Selon un article de Caribbean Net News, ce nouveau système, qui prévoyait une taxe à l’importation de 230 € par tonne, n’a pas trouvé grâce aux yeux des trois "arbitres" de l’OMC qui devaient se prononcer sur le sujet, suite à la plainte déposée par neuf pays d’Amérique du Sud.
Une des règles de l’OMC (dont M. Lamy doit assurer la présidence à partir du 1er septembre 2005) est d’assurer la non-discrimination entre les partenaires commerciaux et l’« accès total » au marché. Le comité d’arbitres, réuni à Genève le 1/08/05, a jugé que le niveau de la taxe envisagée ne le permettait pas.

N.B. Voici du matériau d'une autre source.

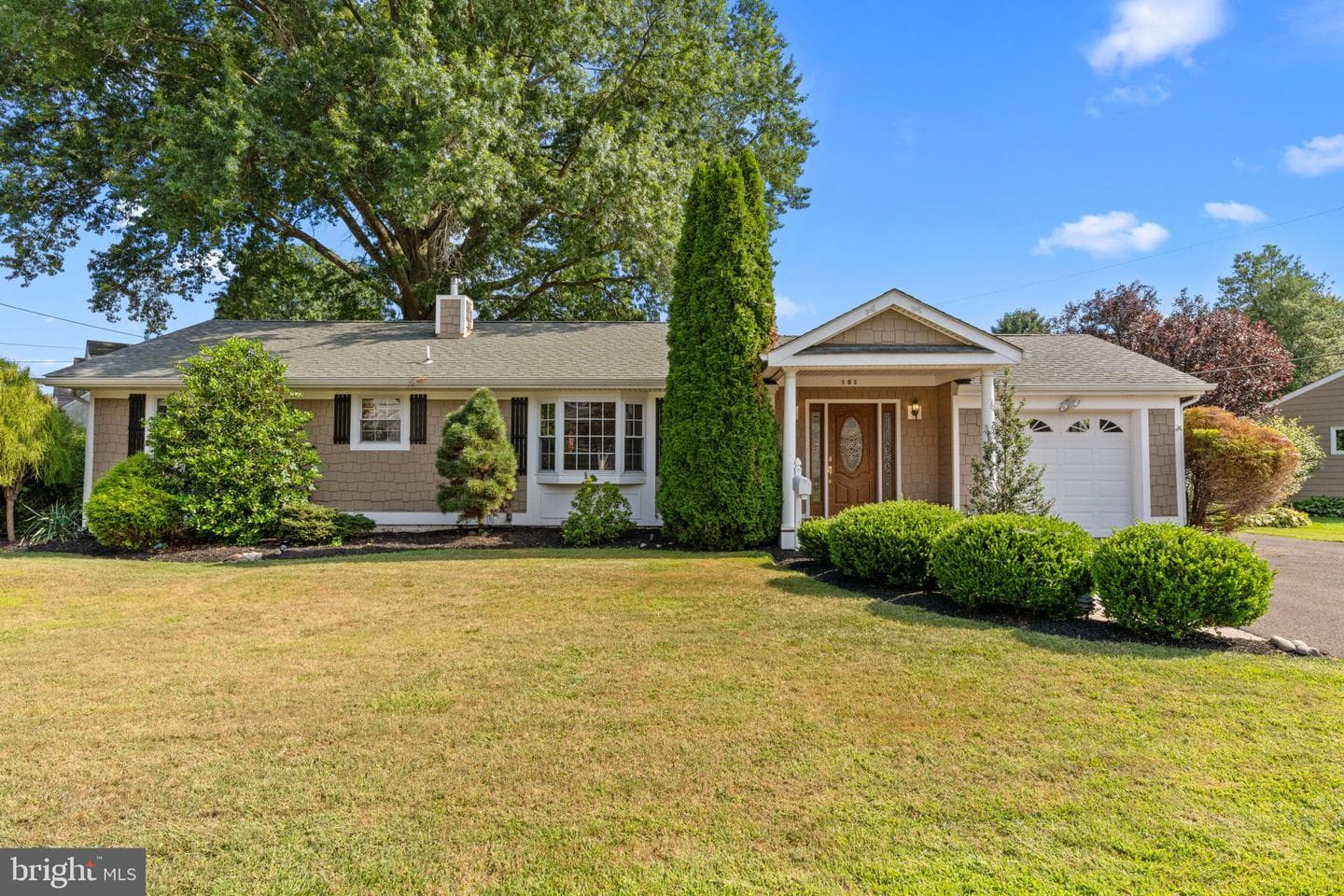 101 Melvin Avenue photo 1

Une nouvelle négociation doit donc s’engager, à la satisfaction des exportateurs d’Amérique du Sud qui ont annoncé ne pas envisager une taxe dépassant 75 €. De leur côté des pays comme le Cameroun ou la Côte d’Ivoire ont fait savoir qu’une défaite de l’Union Européenne sur cette question ne manquerait pas d’avoir de graves répercussions sur les pays ACP où des centaines de milliers de personnes dépendent de la production de bananes. Même inquiétude dans les îles des Caraïbes, où la production sur des petites surfaces et dans des conditions souvent difficiles est nettement plus coûteuse que chez les voisins du continent.
En 2004, les pays ACP ont fourni aux pays de l’Union Européenne 786,000 tonnes de bananes. Les exportations, vers l’Europe, des autres pays producteurs représentaient un peu plus de 3 millions de tonnes.